Grace Knudson

Student-run organization determines consequences of student violations, if requested

Every August, at the beginning of the school year, all community members sign the Academic Pledge to uphold the school’s three founding tenants – Honor, Respect and Integrity. However, with inevitable violations bound to occur, in 1989 an upper school student recommended creating the Honor Council. 

The Honor Council, which is an upper school student-run organization, ensures all members abide by the tenants and determines an appropriate disciplinary response when a member violates the Academic Pledge. The Council consists of three members from each upper school grade, the Student Council executive president and council advisor Mary Jo Lyons. 

When a teacher suspects a violation of the Academic Pledge, the faculty member communicates with Assistant Head of Upper School Jeff Laba to decide whether the student committed an offense and if it should go to the Council. Laba then informs the Council and they meet to discuss a possible guilty incident. Possible offenders and their violations remain anonymous until the offender, his/her advisor and the teacher issuing the matter come before the Council. At the meeting, the case is explained by the teacher involved in the situation with the Council alone. It is only after this that the student joins the meeting and shares his or her story. The Council reviews all the information and discusses what level of offense, if any, the student committed and the consequences of the offense. 

“I have had [Honor Council] meetings be 15 minutes and some be over an hour,” junior and Honor Council member James Click said. “It just depends on the severity of the case and whether the student is being upfront with what they did. Some students will just automatically say, ‘Yes, I made a mistake,’ but in other instances, the situation can be unclear and last a lot longer. We definitely have had disagreements among guilt and innocence and punishments, but we’ve always been able to work it out where everyone’s content with how we decide the case.”

Once the Council decides on a consequence for the student, they share their recommendation with Head of Upper School Henry Heil for approval or changes. The convicted student, however, may disagree with the Council’s verdict and appeal to Heil’s decision.

“Mr. Heil needs a really good reason to not follow the Honor Council’s recommendation,” Laba said. “Generally, appeals are for [when] there was a mistake in the system or if [the student] just doesn’t agree. The reason this process is there is if you feel like the Honor Council didn’t do something right or if they didn’t hear all the evidence.”

Four-year Honor Council member and senior Charlotte Clark enjoys the equal playing field that all Honor Council members have, despite grade level. All meetings have a chairman and secretary, but both roles rotate each session, that way all members have the same amount of say in the conversation.

“Every voice is the same no matter what age you are, and there are no set positions, which I found really awesome,” Clark said. “Everyone [on the Council] has a chance to exhibit leadership, even though they are already doing that by being on the Honor Council. We are definitely on the down low compared to Student Council, which is a different type of leadership because a lot that the Honor Council does goes unnoticed by the rest of the student body, but it is a kind of leadership that I like to do.”
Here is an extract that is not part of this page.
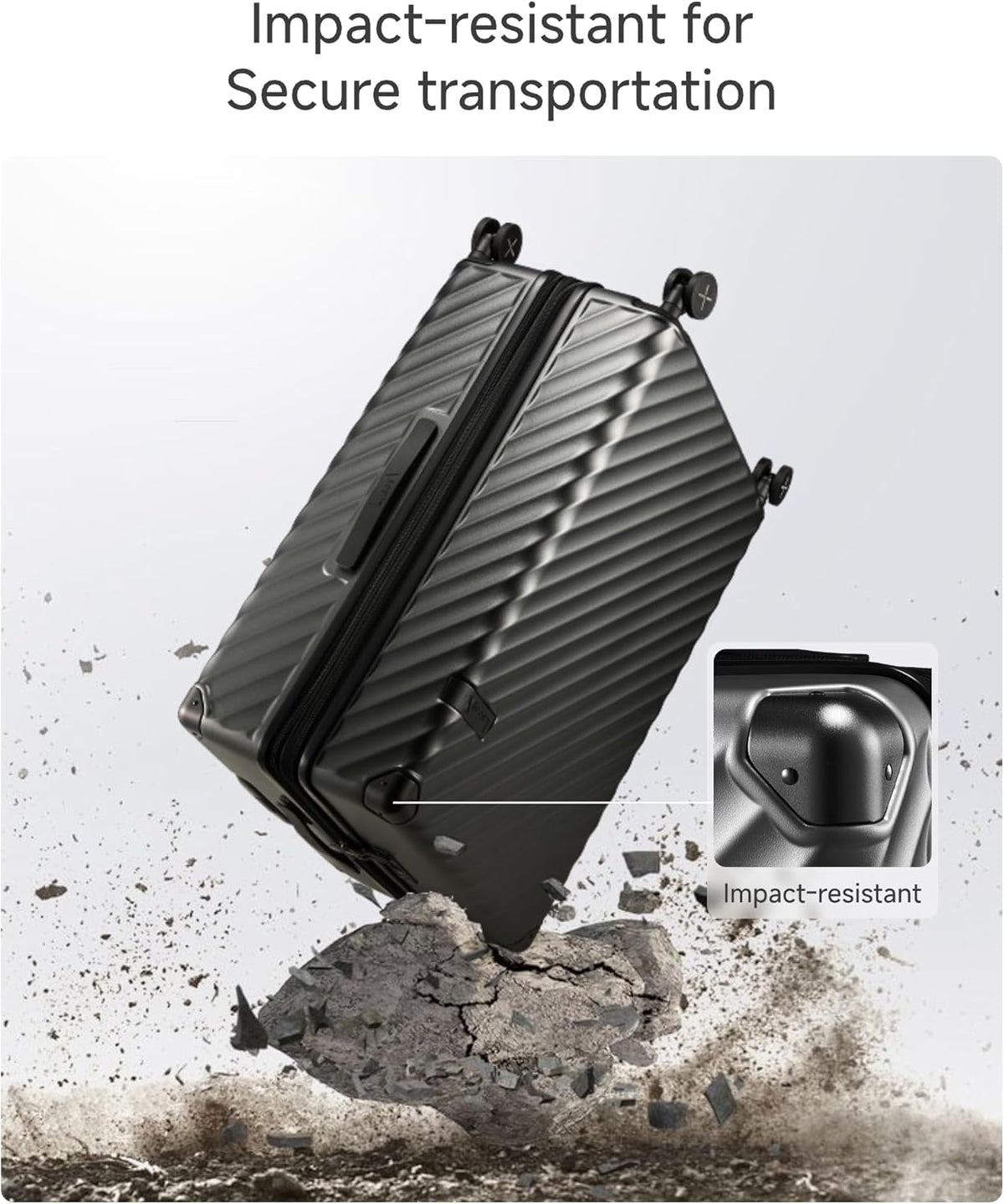 LUGGEX Carry On Luggage 22x14x9 Airline Approved, KVC Expandable Polycarbonate Hard Shell Suitcase for Travelling (EX-Core, Charcoal Metallic, 20 Inch, 40L-44L)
“Every voice is the same no matter what age you are, and there are no set positions which I found really awesome.”

Charlotte Clark,

But things have been different this year due to the COVID-19 pandemic, and the Honor Council adapted to include the members who attended school virtually. Also, to comply with social distancing protocols, the Council tried out new spaces to hold their meetings rather than gathering in one of the Frank building classrooms. 

“We have a whole set of process and procedures to have [online] waiting rooms and letting people in and asking people to verify they are not recording and that they are alone in the room,” Lyons said, “Last fall, we had our hearing in the Eagle Gallery, and… it was loud, and we had two big glass windows, and we had to get them covered. This semester we tried a room above senior hall and the room set up and acoustics are better, and that’s where we will finish out this year.”

Additionally, despite some students taking part in school online with possible temptations to cheat and pressures regarding the pandemic, the amount of Academic Pledge violations are not more than past years. 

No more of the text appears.